SIALKOT
The collusive behaviour between doctors, pharmaceutical and nutraceutical companies, and medicine sellers has been playing havoc with the health and money of patients who are being looted in the name of healthcare, it is learnt.
A source privy to the issue said that the impact of utility bills of doctors, medicines’ companies, pharmacies and their other expenditures such as salaries hurts the patients’ pocket. The eyes of all the medicine companies and stockists, whether based in Lahore or Karachi, professor doctors to medical officers and wholesalers to retailers are on the patients’ purse string.
“A doctor is a person who never eats a single toast out of his own pocket,” said a senior doctor on the condition of anonymity. “There are 242 pharmaceutical companies registered with the Pakistan Pharmaceutical Manufacturers Association. The pharmaceuticals and Nutraceuticals are playing havoc with the health of people.
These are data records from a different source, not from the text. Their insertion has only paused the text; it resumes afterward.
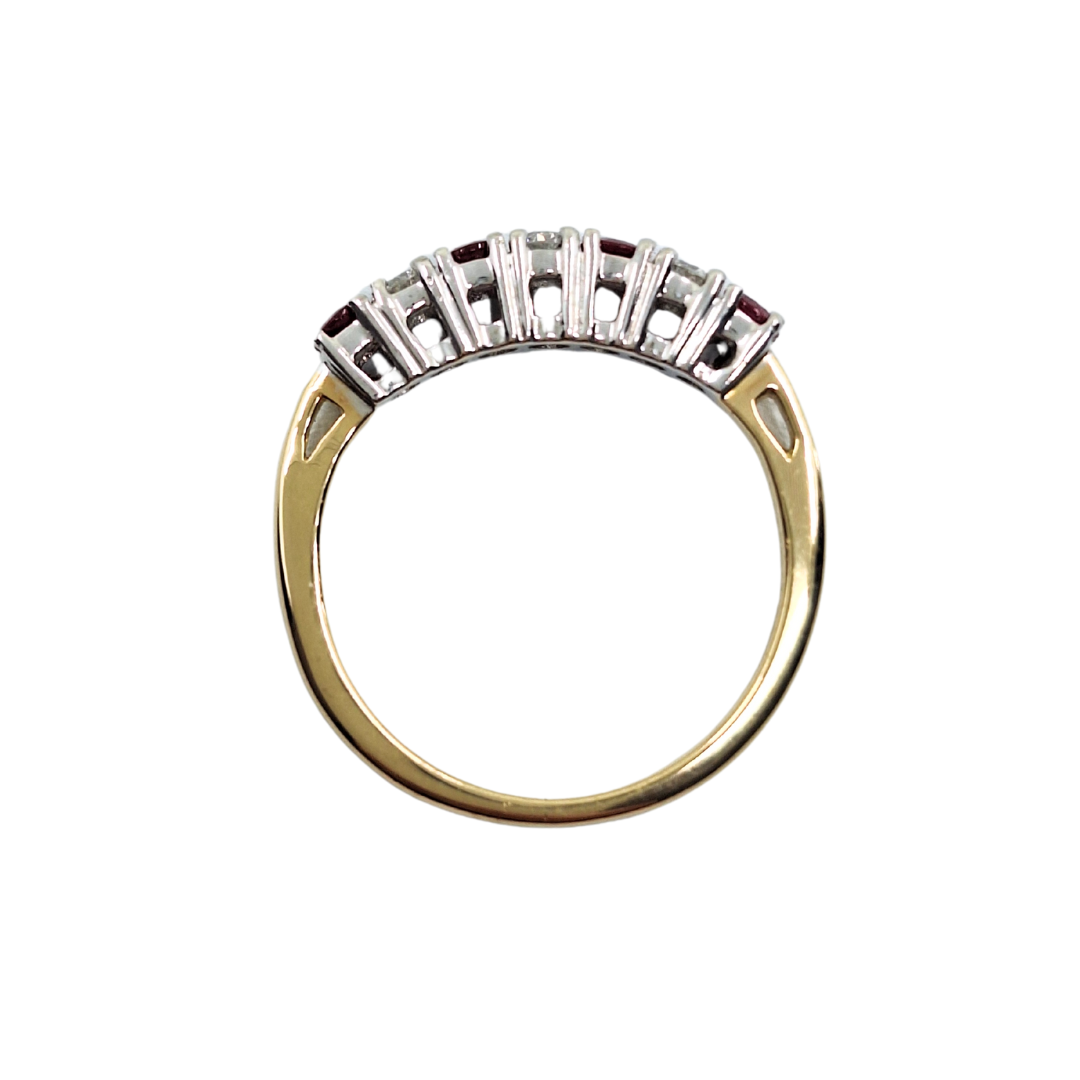 18ct Yellow Gold Ruby & Diamond Eternity Ring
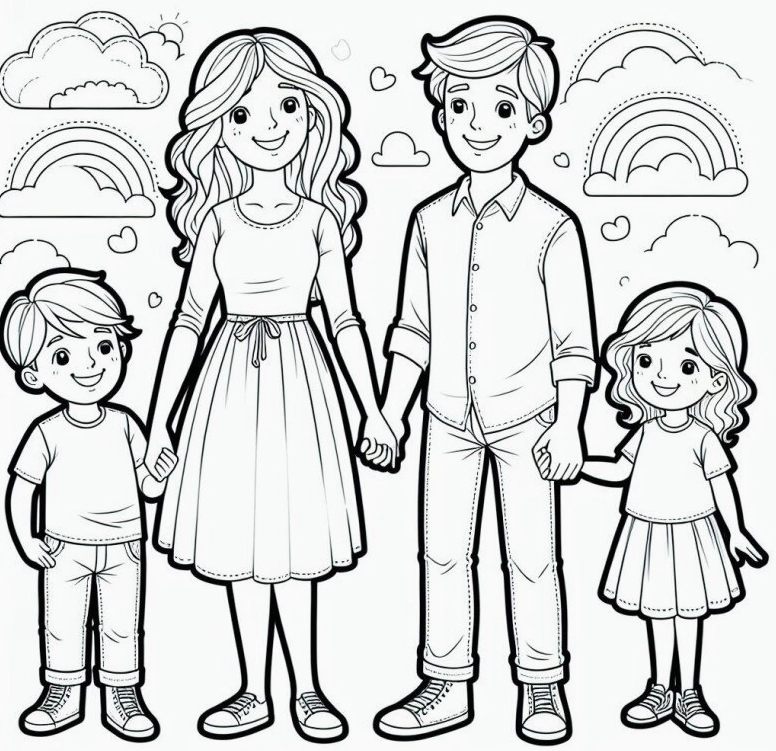 20 bức tranh to màu gia đình đơn giản dạy bé biết yêu thương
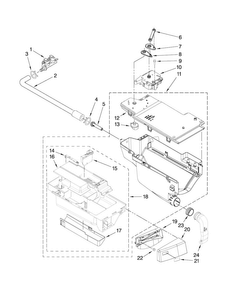 Dispenser Parts Diagram and Parts List for NFW7500VW00  Amana Washer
Hundreds of other manufacturers at Shah Almi or Multan Raod Lahore have been working without license or registration and flourishing with every passing day.”
“Moreover,” he said, “doctors prescribe the products of those companies that give them commission while the patients are bound to buy the same even if a tablet whose actual price is Rs16 and sold to him at Rs160. It is a white collar mafia and 100% involvement of doctors makes it that of the learned.”
The doctor said, “We have some 1,000 professor doctors throughout Pakistan in public or private sectors. These professor doctors are the main cause of the nexus’ bloom. They are bribed in technical manner. The wards that belong to professors are painted, decorated while new furniture, air-conditioners and water purification plants are installed in the name of patients’ welfare. Moreover, free medicines for the patients or anything which doctors demand are provided to develop good relationship with him.”
“In addition, cars, fully furnished houses, clinics, apparatus and home appliances are given as gifts or family of the doctors is taken to hill stations and kept in five-star hotels for weeks or they are taken abroad in the name of international conferences, and everything is done to get business,” the doctor said. “I myself have gone to Dubai, Russia, far eastern countries, Turkey, Europe and the US, and I don’t know how many times they have taken my family to the best hotels around the country.”
The doctor also admitted that he had personally been asked by various medicine companies’ representatives here and abroad for whiskey, even they offered me women. There is a famous term of 321 used as a code, which means the cost of an injection is Rs60 and it is sold manifold costlier as Rs100 will be given to the doctor per injection and the remaining will be shared by the company and the medical store at the rate of 80pc and 20pc respectively, he added.
He further disclosed that if the doctor who had a pharmacy inside his clinic or hospital would be given medicines with 30 percent discount in addition to 10pc as compared to a medical store.
In the name of research work, millions of rupees are given to these professor doctors, he said. “For example,” explained, “zinc is a nutrient needed to stay healthy. It is found in cells throughout the body which helps immune system fight off invading bacteria and viruses. Now what this nexus does is that the zinc manufacturer books the whole ward of a renowned professor for six months where he provides everything and a research is done on his products. After six months when the research matures, the manufacturer books some seven-star hotel and invites professor doctors along with good practitioners from all over the country to share the research. The professor, who has conducted the research, reads out the paper and this is how he propagates importance and quality of his sponsorer’s product i.e. zinc. Then, the researcher is taken abroad for further business and the money cycle stops nowhere.” According to a medicine company’s accountant, “This is more profitable than the business of heroin and involves neither any check nor threat.”
When contacted, Health Minister Khawaja Salman Rafique said that the Drugs Regulatory Authority of Pakistan was working on the issue and it was focused to ensure the availability of quality medicines at cheaper prices. He said the government would soon devise policies to fight the mafia, adding that it had plans to tackle the matter. Contrarily, EDO Health Dr Ziaul Hasan said that the government had no policy to fight the tripartite collusion.